Given records below:
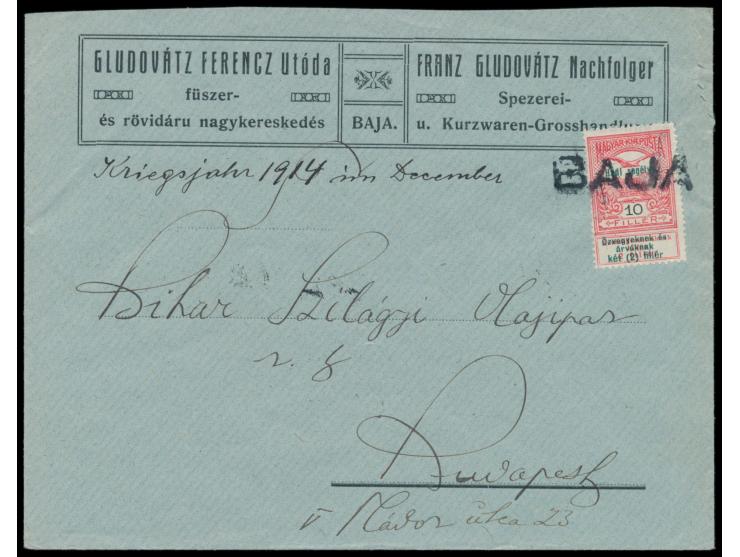 schwarzer L1  Baja  auf Brief mit Kriegshilfe 10 + 2 f. (1914) nach Budapest
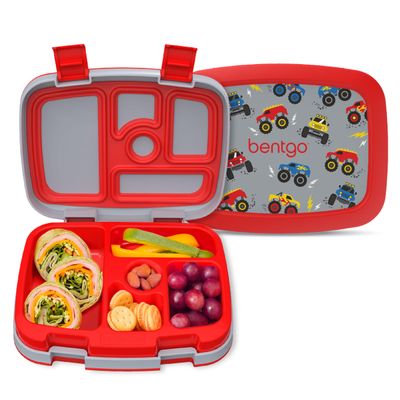 Bentgo Kids Prints Leak-Proof, 5-Compartment Bento-Style Kids Lunch Box - Ideal Portion Sizes for Ages 3-7, Durable, Drop-Proof, Dishwasher Safe, & PFAS & BPA-Free Materials (Trucks)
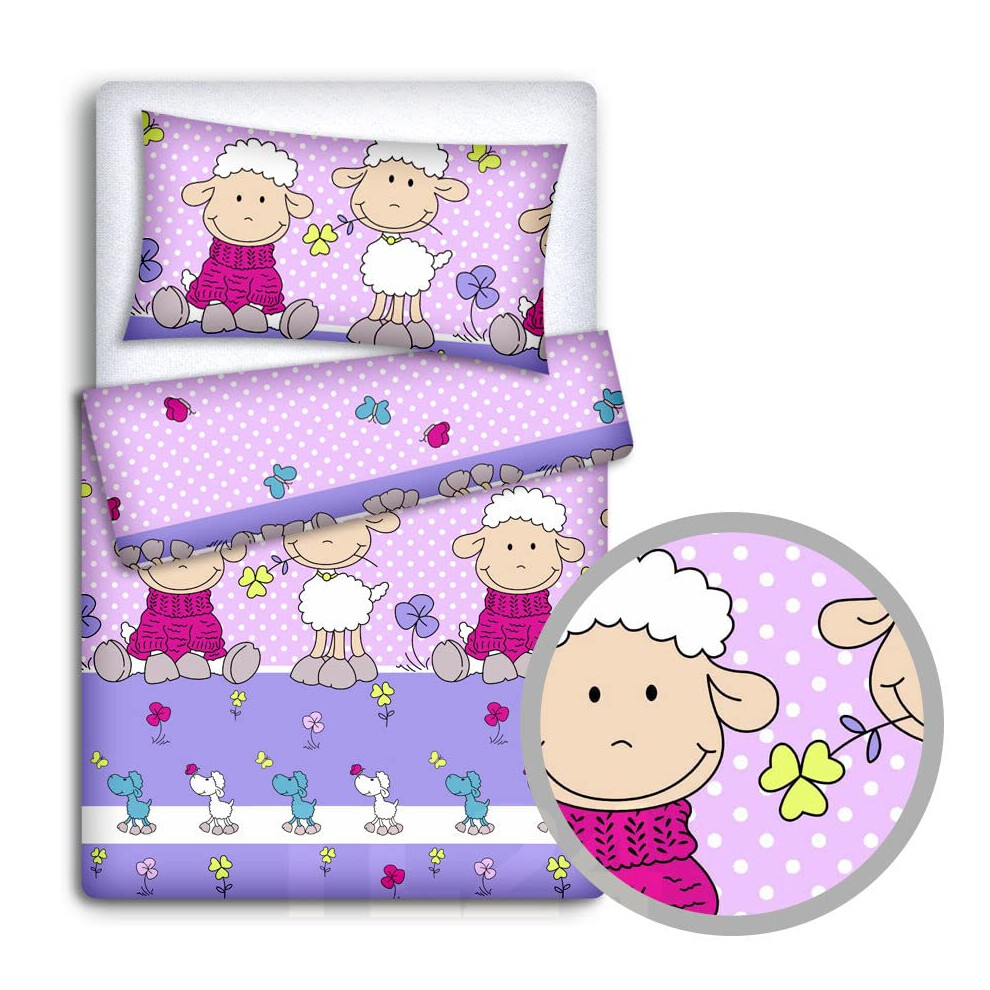 Baby Mam Baby Bedding Set 120X90cm Pillow Duvet 4Pc Fit Cot Sheep Pink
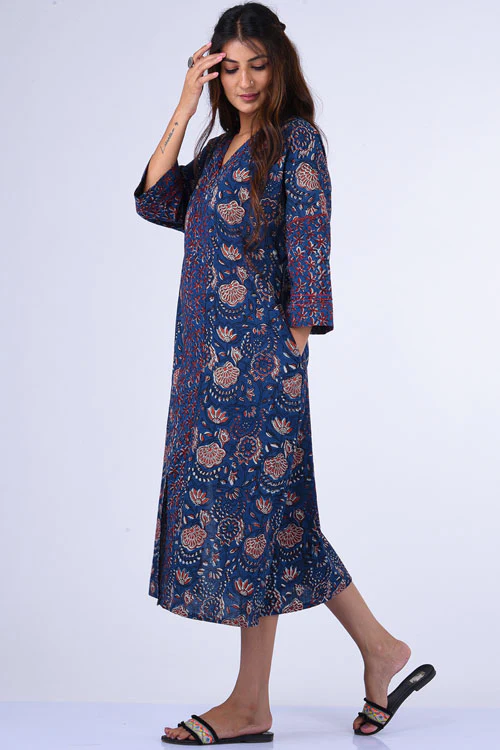Dharan "Kaafsa Kurta" Indigo Block Printed Kurta - Image 4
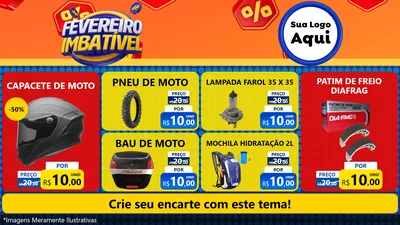 Modelo de TV para TV Horizontal com o tema Fevereiro Imbatível para Moto peças
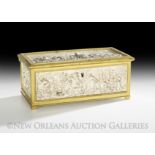 French Silvered and Gilt-Metal Box, first quarter 20th century, the silvered box with gilt trim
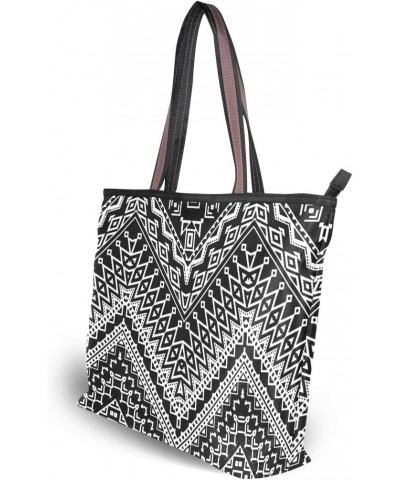 Cooper girl Tribal Black White Chevron Tote Bag Top Handle Handbag Shoulder Bag Large Capacity $19.35 Totes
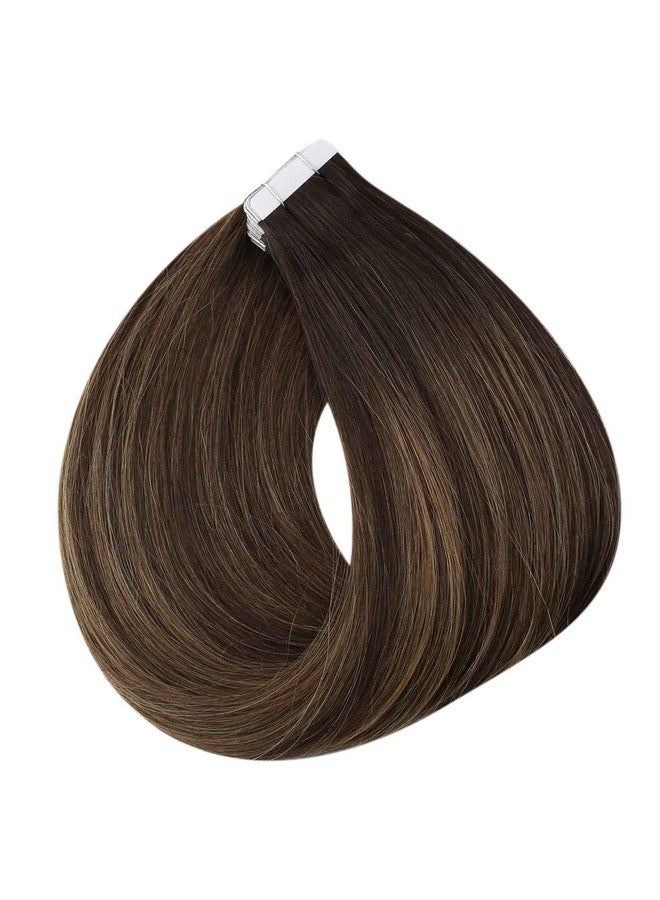 Fshine Full Shine Tape In Human Hair 16Inch Tape On Hair Extensions 50G Tape In Hair Extensions Straight Silky Hair Color 2 Fading To 8 Highlight 2 Darkest Brown Double Sided Tape In Hair Extensions 20Pcs - Image 4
End of Given records.
**Task item:**
What is needed here is an exact copy of all the entries, without the pictures.

**Task output:**
 schwarzer L1  Baja  auf Brief mit Kriegshilfe 10 + 2 f. (1914) nach Budapest
 Bentgo Kids Prints Leak-Proof, 5-Compartment Bento-Style Kids Lunch Box - Ideal Portion Sizes for Ages 3-7, Durable, Drop-Proof, Dishwasher Safe, & PFAS & BPA-Free Materials (Trucks)
 Baby Mam Baby Bedding Set 120X90cm Pillow Duvet 4Pc Fit Cot Sheep Pink
Dharan "Kaafsa Kurta" Indigo Block Printed Kurta - Image 4
 Modelo de TV para TV Horizontal com o tema Fevereiro Imbatível para Moto peças
 French Silvered and Gilt-Metal Box, first quarter 20th century, the silvered box with gilt trim
 Cooper girl Tribal Black White Chevron Tote Bag Top Handle Handbag Shoulder Bag Large Capacity $19.35 Totes
 Fshine Full Shine Tape In Human Hair 16Inch Tape On Hair Extensions 50G Tape In Hair Extensions Straight Silky Hair Color 2 Fading To 8 Highlight 2 Darkest Brown Double Sided Tape In Hair Extensions 20Pcs - Image 4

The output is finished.